Kokam says its batteries feature an energy density of approximately 260 watts hours per kilogram (Wh/kg) and boast a 96 percent efficiency.

The company’s energy storage solution was also used in the first prototype, Solar Impulse 1, which was the first solar powered aircraft to fly between continents and across the continental USA. It was also the first solar plane to fly through an entire night; which occurred in 2010.

“What was critical was to get the lightest and most energy efficient solution, and we consequently selected Kokam’s Ultra High Energy NMC batteries, which has been our battery solution since the first flight of Solar Impulse 1 in December 2009 until the final leg landing of Solar Impulse 2 in Abu Dhabi in July 2016,” said André Borschberg; co-founder, CEO and pilot of Solar Impulse.

It wasn’t all smooth sailing (flying) for Solar Impulse 2 during its recent historic journey. During the 5-day and night record breaking flight from Nagoya, Japan to Hawaii, the temperature of the batteries increased to levels they weren’t designed for – close to 50C – and for an extended period. The temperature increase was the result of an unplanned change in flight profile and excessive insulation.

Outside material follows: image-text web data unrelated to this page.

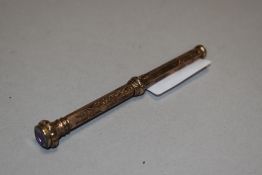A late Victorian propelling pencil having a rolled gold case with chase work design and purple glass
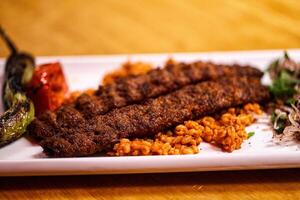 A plate with meat and rice on it photo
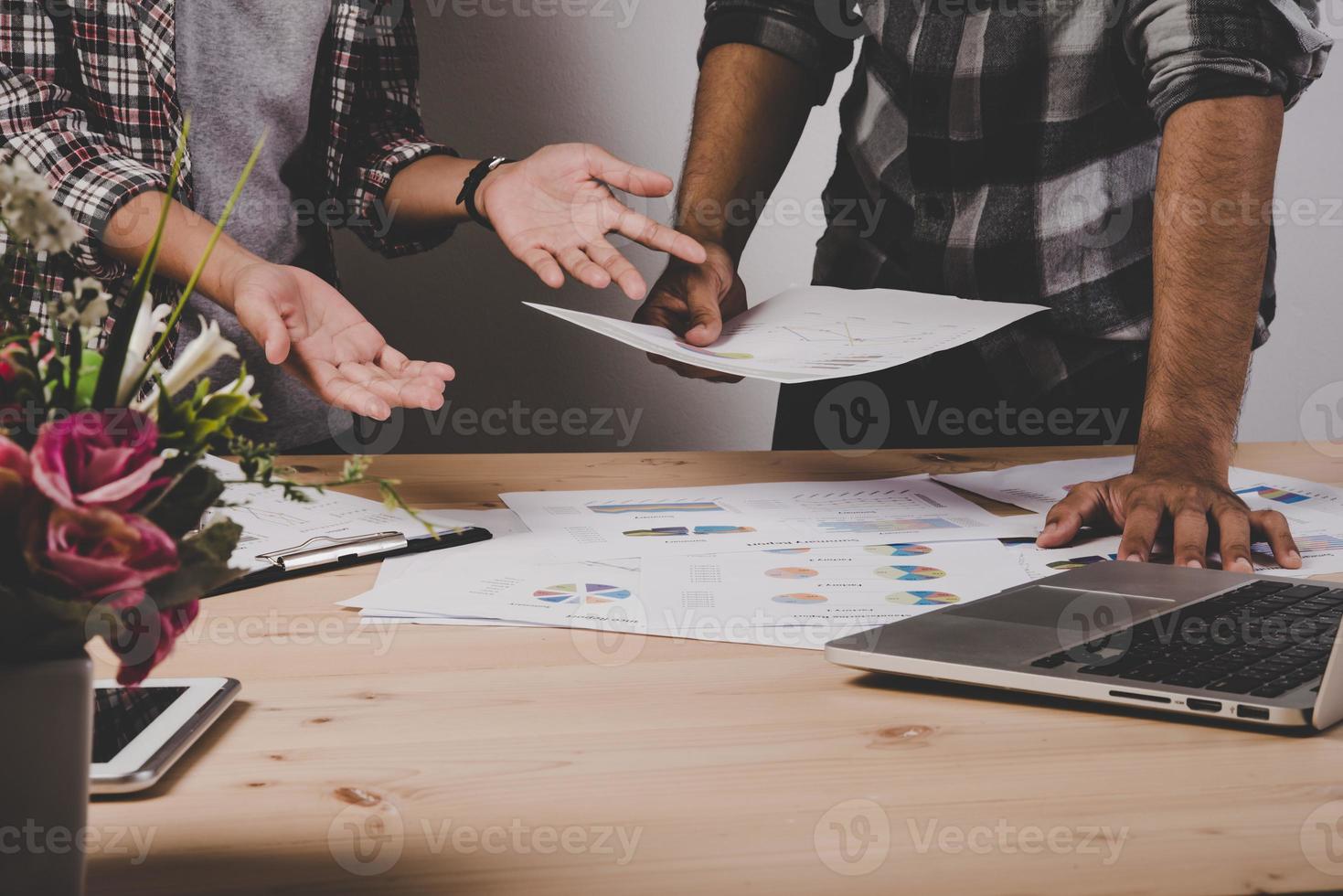 Close-up of business people working with strategy diagrams on wooden desk in office photo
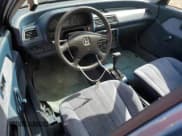 ✅ 1991 Honda Civic DX • VIN: 1HGED364XML052697 • Lot: 78775474. Wystawiony na Copart z przebiegiem 650 755 mil. Bezpłatny archiwum sprzedaży aukcyjnych z USA i szczegółowy raport historii pojazdu na DreamBid. Zdjęcie 8.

For safety reasons, the entire battery bank was replaced while in Hawaii. Various reports stated the original batteries were damaged, but later testing revealed they had only suffered minor loss of capacity – within the normal range of what the 2 year-old batteries would have experienced had the incident not occurred.

“The overheating problem was in no way related to any issue with Kokam’s batteries, which have delivered excellent performance for Solar Impulse 1 and on every leg of the flight with Solar Impulse 2, supporting our record-breaking circumnavigation of the globe,” said  Mr. Borschberg.

As an added precautionary measure, a cooling system was added when the new batteries were installed, along with a manually operated cooling vent system. Battery cooling systems weren’t integrated from the get-go as every additional system can be another potential source of failure.

Kokam, headquartered in South Korea, started out as a polymer processing equipment manufacturer, then expanded to designing and manufacturing lithium-ion/polymer secondary batteries. According to the company, it commercialised the world’s first high capacity lithium polymer batteries, has 150 battery related patents and 650MWh of proven field performance.

Kokam has already made its presence known in Australia, with a 2 megawatt energy storage system housed in a 40 foot shipping container trialled by Powercor in Buninyong, south of Ballarat last year. It was Australia’s largest battery at the time.